Problem description: Would you restate, word for word, only the lines starting at the one with "令和元年度大阪府立中之島図書館特別展「二世没後80年 大阪の浮世絵師" and ending with the final line of the entries below? Pictures stay out.

Data records
★ ★ ★ ★ ★ ★ ★
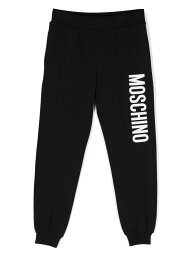 MOSCHINO モスキーノ ブラック Black パンツ ボーイズ 秋冬2023 HOP057LDA2660100 【関税・送料無料】【ラッピング無料】 ia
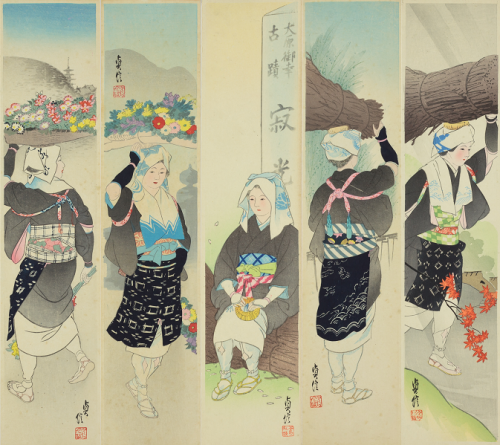 令和元年度大阪府立中之島図書館特別展「二世没後80年 大阪の浮世絵師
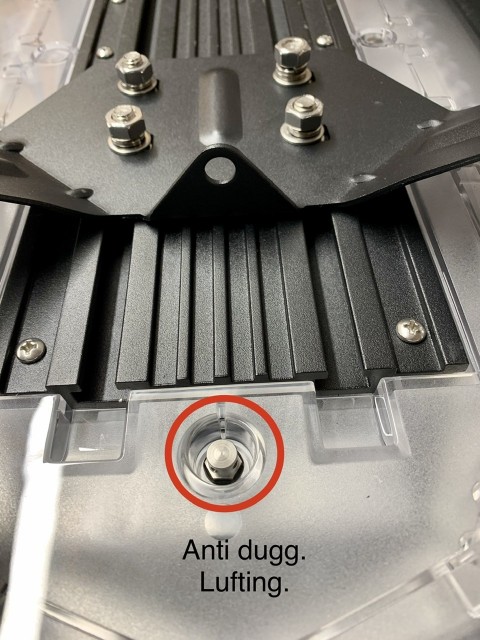 Lufting. Anti dugg.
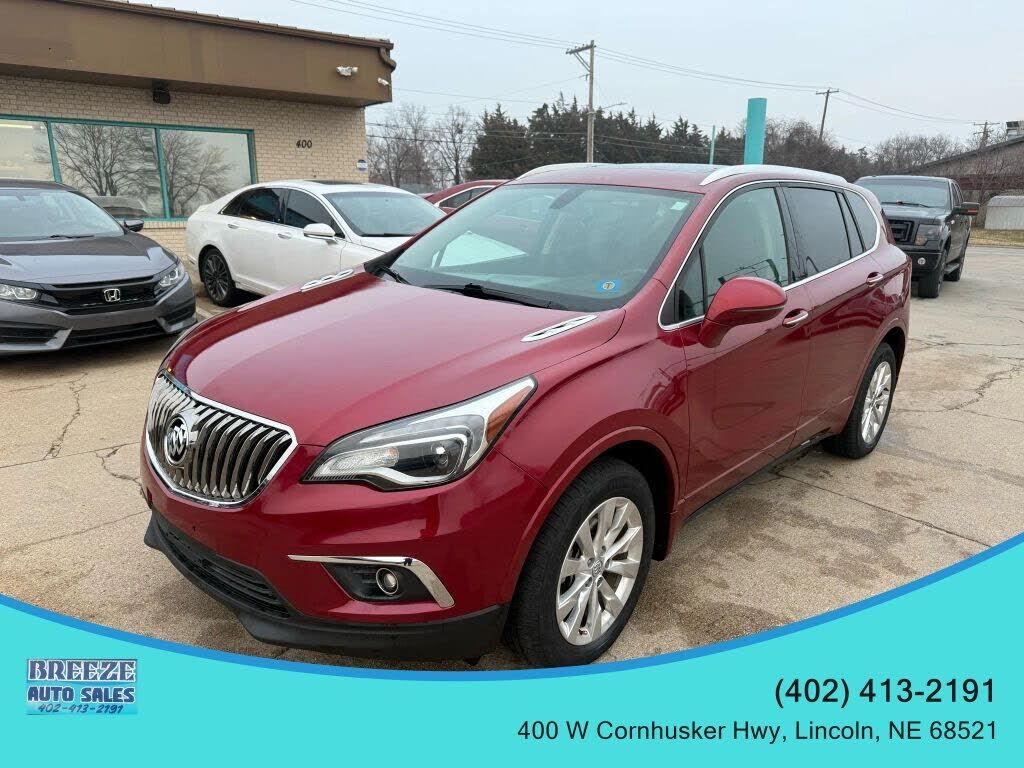 2017 BUICK Envision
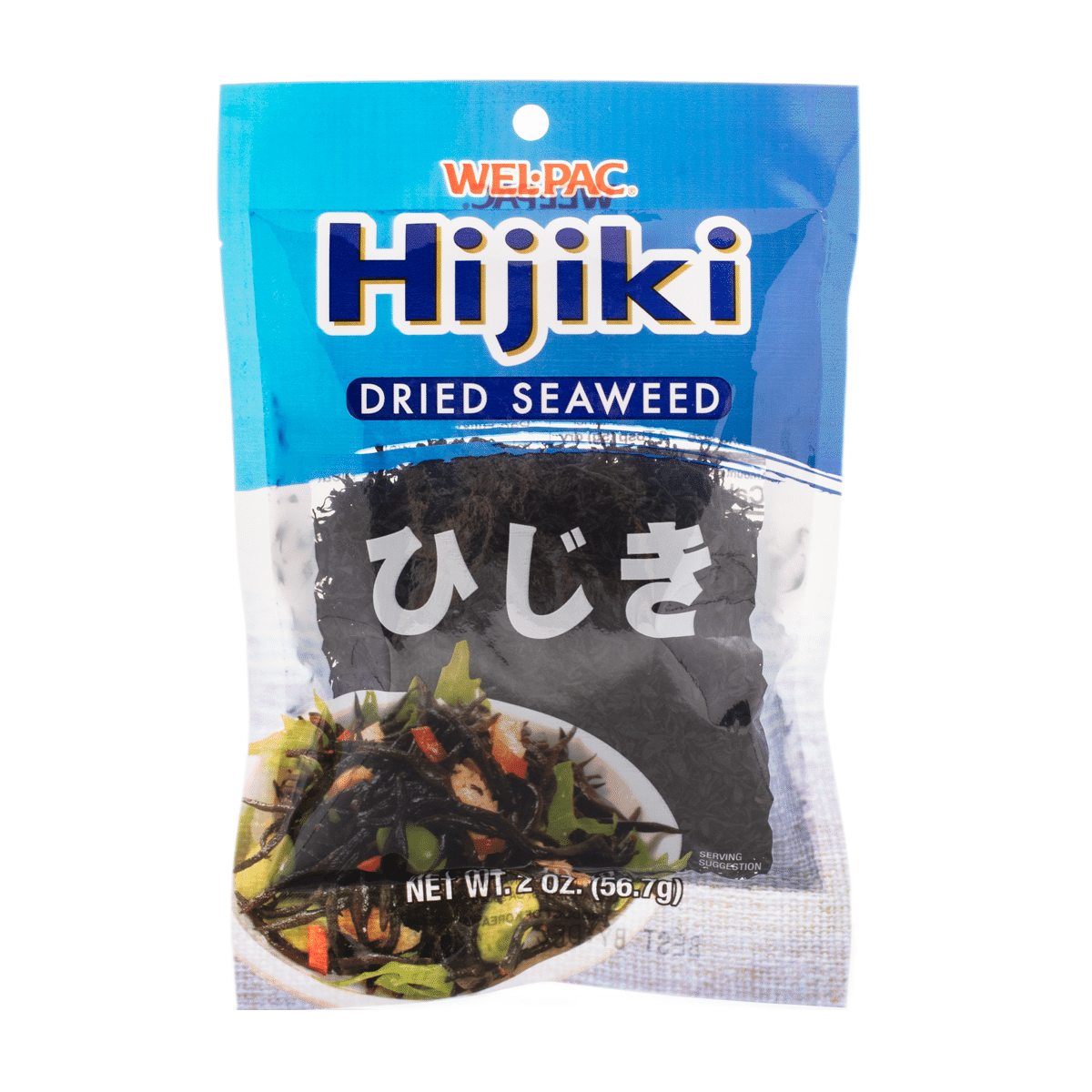 Rong biển hijiki khô Welpac 2 oz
★ ★ ★ ★ ★ ★ ★
Answer box:
 令和元年度大阪府立中之島図書館特別展「二世没後80年 大阪の浮世絵師
 Lufting. Anti dugg.
 2017 BUICK Envision
 Rong biển hijiki khô Welpac 2 oz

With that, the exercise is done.